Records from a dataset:
━━━━━━━━
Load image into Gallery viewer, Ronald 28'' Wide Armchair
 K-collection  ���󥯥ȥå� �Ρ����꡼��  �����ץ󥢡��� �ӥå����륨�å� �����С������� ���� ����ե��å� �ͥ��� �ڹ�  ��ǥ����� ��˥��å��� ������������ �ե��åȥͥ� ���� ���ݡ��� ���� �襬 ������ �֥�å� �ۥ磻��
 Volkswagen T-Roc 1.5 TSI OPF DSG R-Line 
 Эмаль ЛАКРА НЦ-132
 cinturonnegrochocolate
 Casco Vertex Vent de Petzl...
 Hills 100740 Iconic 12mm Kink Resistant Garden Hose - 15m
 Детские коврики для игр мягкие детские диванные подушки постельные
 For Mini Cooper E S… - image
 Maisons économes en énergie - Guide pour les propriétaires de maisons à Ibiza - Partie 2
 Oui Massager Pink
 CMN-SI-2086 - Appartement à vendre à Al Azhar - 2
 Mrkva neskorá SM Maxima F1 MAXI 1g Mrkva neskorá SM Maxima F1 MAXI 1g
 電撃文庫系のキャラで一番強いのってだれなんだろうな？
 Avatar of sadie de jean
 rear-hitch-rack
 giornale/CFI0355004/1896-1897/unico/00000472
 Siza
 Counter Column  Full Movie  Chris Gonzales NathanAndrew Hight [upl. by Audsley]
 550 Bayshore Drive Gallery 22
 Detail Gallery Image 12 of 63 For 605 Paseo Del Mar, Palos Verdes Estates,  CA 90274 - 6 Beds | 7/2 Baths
━━━━━━━━
GOAL OF THE EXERCISE:
The lines above that hold the word "Gallery" should be found and copied out.

YOUR RESPONSE:
Load image into Gallery viewer, Ronald 28'' Wide Armchair
 550 Bayshore Drive Gallery 22
 Detail Gallery Image 12 of 63 For 605 Paseo Del Mar, Palos Verdes Estates,  CA 90274 - 6 Beds | 7/2 Baths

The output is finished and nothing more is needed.